Este aspecto dialoga fortemente com a questão exposta acima sobre quem é a mulher que pode ser vítima, ou seja, a mulher honesta, que tem todo um condão de idoneidade para que possa ser ouvida, e falar a verdade sobre os fatos. A narrativa da mulher que não colabora com a justiça, é a mulher louca, e que não consegue se autodeterminar, violando novamente os direitos das mulheres, e as objetificando.
Segundo a pesquisa, a maior reclamação das mulheres é a falta de espaço para serem ouvidas. Todo contexto de violência doméstica tem alicerces muito mais profundos que tão somente o fato criminal imputado ao homem, se irradia dentro do direito das famílias, dentro do direito civil, e dentro de questões sociais, econômicas e estruturais, que vivem aquele núcleo familiar, mas que não tem qualquer acolhimento dentro do sistema de justiça criminal, (MONTENEGRO, 2015, p. 169-194).
A pesquisa também aponta quem são essas vítimas, trazendo dados importantes, que dialogam com a questão de classe, eis que a maior parte possui baixa escolaridade, baixo poder aquisitivo, tratando-se a maioria de trabalhadoras domésticas, idade entre 31 e 40 anos, e relações entre vítima e agressor de 15 a 30 anos de convívio. Ou seja, se tenta solucionar tão somente com o Direito Penal questões enraizadas há tantos anos dentro de um núcleo familiar, (MONTENEGRO, 2015, p. 169-194). A condenação criminal é pontual, suspende o conflito, e é inadequada para resolver relações perenes.
Ana Flauzina, em perspectiva do feminismo negro, aponta que as maiores vítimas das violências de gênero seriam as mulheres negras, trazendo à tona estudos que demonstram que mulheres negras tem três vezes mais chances de sofrerem violências de gênero, do que as mulheres brancas. E não deixa de apontar a falta de resposta do sistema de justiça aos casos de violências de gênero, que é o segmento mais afetado com a política punitivista, (FLAUZINA, 2018, p. 116-118).
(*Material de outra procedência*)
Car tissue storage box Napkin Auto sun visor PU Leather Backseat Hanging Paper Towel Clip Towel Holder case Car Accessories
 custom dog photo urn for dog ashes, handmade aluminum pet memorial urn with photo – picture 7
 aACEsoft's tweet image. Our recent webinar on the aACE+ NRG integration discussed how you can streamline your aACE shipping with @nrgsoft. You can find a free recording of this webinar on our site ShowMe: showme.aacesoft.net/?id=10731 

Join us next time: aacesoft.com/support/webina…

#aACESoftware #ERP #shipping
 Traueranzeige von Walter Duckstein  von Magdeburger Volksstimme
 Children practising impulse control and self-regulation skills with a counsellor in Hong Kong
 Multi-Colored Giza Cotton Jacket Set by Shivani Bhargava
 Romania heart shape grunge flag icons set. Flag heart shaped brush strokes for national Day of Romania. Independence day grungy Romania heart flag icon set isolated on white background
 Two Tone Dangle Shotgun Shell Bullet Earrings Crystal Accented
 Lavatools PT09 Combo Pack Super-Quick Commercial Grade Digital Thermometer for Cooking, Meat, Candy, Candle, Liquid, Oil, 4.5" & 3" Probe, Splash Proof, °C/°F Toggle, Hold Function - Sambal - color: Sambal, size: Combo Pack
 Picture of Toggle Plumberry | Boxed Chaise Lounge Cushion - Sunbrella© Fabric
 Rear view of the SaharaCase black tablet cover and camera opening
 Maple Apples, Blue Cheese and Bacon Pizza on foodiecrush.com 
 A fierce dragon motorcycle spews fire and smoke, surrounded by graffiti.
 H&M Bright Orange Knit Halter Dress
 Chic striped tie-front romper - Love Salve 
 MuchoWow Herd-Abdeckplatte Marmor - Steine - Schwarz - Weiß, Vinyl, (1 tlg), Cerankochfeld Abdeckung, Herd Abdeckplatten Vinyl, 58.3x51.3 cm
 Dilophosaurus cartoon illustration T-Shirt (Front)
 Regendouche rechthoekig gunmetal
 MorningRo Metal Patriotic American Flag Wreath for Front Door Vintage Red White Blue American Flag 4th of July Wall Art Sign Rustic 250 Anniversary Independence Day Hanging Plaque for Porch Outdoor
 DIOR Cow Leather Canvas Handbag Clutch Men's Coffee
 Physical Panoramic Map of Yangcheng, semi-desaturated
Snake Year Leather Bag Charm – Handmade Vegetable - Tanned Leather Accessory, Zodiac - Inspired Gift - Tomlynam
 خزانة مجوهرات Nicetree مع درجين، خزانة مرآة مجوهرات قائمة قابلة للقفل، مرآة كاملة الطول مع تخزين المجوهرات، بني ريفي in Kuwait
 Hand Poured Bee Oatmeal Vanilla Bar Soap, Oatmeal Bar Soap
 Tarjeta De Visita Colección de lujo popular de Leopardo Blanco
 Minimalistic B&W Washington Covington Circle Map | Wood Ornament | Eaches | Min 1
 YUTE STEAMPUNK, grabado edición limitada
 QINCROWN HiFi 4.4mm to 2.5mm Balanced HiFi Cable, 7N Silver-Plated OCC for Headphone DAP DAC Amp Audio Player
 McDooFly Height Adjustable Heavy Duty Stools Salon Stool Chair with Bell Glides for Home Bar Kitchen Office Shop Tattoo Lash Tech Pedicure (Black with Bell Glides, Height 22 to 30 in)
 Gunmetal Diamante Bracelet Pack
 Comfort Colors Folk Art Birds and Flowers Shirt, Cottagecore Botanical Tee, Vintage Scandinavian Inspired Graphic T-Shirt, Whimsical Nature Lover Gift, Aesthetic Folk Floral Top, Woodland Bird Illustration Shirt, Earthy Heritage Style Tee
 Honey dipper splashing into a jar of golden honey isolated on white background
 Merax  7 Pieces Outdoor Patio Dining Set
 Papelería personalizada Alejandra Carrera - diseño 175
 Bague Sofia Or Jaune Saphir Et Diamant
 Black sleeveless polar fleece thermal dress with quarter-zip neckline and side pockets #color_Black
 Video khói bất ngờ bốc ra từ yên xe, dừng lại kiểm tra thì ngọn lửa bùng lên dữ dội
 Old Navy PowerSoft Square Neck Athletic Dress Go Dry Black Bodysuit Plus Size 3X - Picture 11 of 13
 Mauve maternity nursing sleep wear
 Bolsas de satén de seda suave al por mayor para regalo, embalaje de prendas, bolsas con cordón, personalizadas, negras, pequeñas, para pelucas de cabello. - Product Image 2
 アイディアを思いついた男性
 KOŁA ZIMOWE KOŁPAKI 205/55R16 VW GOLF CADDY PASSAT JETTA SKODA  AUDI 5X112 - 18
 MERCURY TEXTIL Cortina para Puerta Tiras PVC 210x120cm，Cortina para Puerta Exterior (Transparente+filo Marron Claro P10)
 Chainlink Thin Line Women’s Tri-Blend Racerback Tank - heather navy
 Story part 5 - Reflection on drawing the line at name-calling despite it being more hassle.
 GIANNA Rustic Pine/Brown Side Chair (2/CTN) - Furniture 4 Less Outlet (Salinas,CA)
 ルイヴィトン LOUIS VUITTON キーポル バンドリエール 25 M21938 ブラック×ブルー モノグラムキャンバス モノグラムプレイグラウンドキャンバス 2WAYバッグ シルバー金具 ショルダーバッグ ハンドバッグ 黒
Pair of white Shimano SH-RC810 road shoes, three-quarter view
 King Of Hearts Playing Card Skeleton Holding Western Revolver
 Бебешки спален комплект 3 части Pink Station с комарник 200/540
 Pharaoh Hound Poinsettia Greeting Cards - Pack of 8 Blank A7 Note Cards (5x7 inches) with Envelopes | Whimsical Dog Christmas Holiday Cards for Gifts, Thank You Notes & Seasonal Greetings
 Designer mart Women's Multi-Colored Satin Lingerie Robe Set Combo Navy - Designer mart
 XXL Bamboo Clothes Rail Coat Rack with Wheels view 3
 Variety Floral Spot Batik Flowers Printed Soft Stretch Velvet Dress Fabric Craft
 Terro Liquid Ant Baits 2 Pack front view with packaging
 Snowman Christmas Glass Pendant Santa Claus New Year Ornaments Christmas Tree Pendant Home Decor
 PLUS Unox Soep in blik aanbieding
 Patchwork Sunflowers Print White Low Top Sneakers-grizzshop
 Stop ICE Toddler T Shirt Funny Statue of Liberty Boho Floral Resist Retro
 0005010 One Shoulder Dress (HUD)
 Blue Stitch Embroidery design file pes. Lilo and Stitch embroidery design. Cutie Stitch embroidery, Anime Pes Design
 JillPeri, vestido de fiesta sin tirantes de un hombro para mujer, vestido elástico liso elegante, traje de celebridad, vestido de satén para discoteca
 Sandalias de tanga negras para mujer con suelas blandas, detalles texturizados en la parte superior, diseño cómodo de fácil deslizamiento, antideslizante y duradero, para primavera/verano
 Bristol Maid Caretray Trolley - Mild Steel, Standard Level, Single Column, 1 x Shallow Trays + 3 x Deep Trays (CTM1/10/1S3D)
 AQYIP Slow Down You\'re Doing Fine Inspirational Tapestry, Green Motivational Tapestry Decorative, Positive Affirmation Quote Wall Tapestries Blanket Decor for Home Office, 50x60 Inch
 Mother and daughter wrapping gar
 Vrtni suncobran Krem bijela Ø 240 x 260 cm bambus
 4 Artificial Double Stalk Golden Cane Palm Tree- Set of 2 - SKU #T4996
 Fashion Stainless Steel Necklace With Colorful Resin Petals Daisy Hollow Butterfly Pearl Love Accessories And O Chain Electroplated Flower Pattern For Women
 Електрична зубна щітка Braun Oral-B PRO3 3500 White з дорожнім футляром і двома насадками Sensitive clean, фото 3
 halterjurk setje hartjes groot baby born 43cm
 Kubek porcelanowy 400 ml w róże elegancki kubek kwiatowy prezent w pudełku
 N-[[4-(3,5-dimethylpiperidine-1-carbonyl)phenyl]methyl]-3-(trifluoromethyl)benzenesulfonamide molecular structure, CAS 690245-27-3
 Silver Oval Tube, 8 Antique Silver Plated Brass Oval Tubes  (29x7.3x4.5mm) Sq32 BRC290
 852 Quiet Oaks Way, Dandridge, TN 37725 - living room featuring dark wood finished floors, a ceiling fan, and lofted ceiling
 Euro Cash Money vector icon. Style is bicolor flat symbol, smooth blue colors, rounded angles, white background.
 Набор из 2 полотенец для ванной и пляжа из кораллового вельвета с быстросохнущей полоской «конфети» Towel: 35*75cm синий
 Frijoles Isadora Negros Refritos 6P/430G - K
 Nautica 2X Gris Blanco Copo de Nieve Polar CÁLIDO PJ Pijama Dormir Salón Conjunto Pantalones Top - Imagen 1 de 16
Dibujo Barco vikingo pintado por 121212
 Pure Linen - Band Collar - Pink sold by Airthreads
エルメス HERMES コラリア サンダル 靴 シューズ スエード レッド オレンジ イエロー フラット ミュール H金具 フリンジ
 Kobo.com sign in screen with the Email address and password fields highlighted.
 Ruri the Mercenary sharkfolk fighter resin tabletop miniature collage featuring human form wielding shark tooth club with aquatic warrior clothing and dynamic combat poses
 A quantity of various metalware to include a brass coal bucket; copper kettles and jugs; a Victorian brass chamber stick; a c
A autora apesar de conclamar as medidas trazidas pela Lei Maria da Penha demonstra que o sistema de justiça, dentro do âmbito dos Juizados de violência doméstica, não é satisfatório. Uma das críticas gira em torno do art. 16, da Lei 11.340/06, que por um lado buscou proteger as mulheres das investidas do agressor em que retirassem as representações ofertadas contra eles, por outro, gerou um confisco do direito das mulheres na gerência e condução dos casos. Desta forma, mais uma vez, fica claro que uma das maiores problemáticas enxergadas hoje no sistema da LMP, dentro do âmbito do sistema de justiça, especialmente nos juizados de violência doméstica, é a ausência de capacidade de escuta das mulheres, e até a falta de compreensão dessas quanto a dinâmica processual e opções fornecidas às vítimas, (FLAUZINA, 2018, p. 126-128).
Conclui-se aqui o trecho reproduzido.